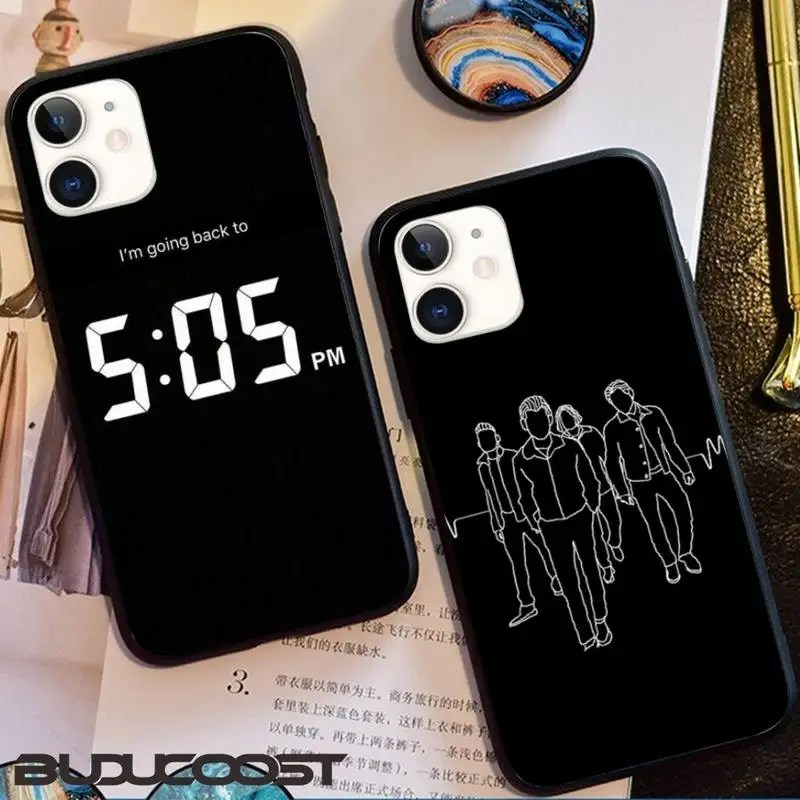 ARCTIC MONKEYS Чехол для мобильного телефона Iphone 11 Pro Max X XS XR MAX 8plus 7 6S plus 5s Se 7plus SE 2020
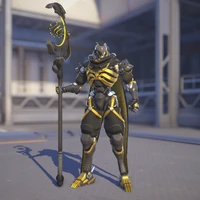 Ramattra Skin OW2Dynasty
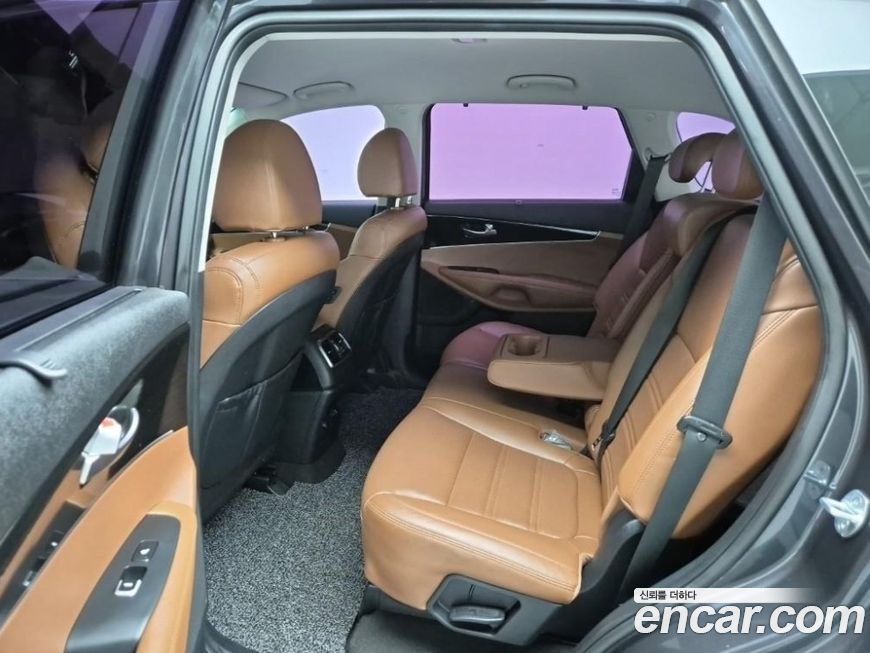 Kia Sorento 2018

++++++

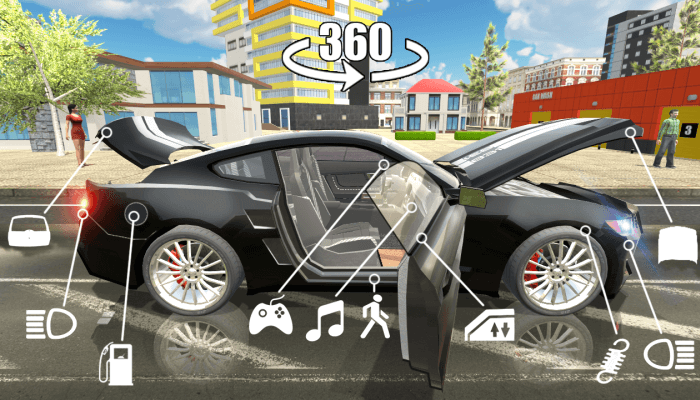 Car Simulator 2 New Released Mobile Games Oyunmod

++++++

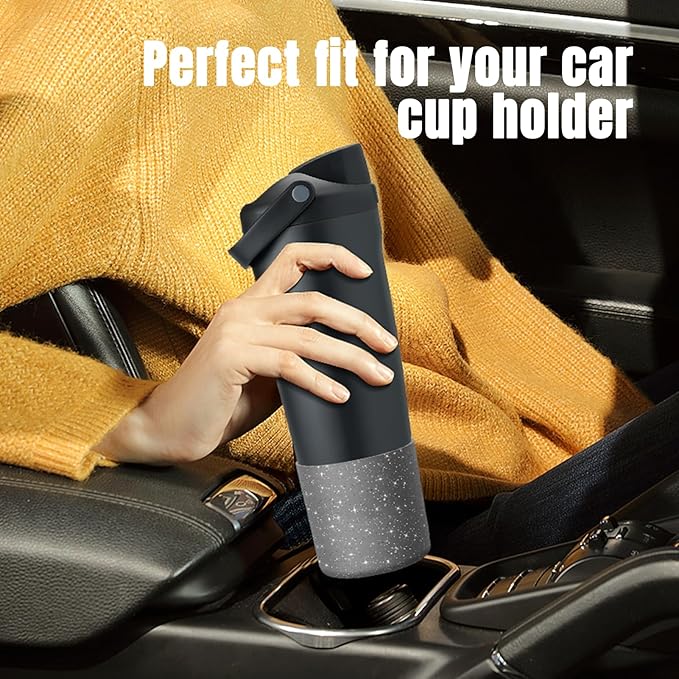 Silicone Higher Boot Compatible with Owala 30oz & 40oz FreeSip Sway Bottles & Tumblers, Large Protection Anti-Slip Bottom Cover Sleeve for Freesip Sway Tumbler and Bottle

++++++

#### [Assigned task]
Set the pictures aside and reproduce exactly the lines above, from the line holding "ARCTIC MONKEYS Чехол" through the line holding "Kia Sorento 2018", both included, with nothing else.

#### [Exercise output]
 ARCTIC MONKEYS Чехол для мобильного телефона Iphone 11 Pro Max X XS XR MAX 8plus 7 6S plus 5s Se 7plus SE 2020
 Ramattra Skin OW2Dynasty
 Kia Sorento 2018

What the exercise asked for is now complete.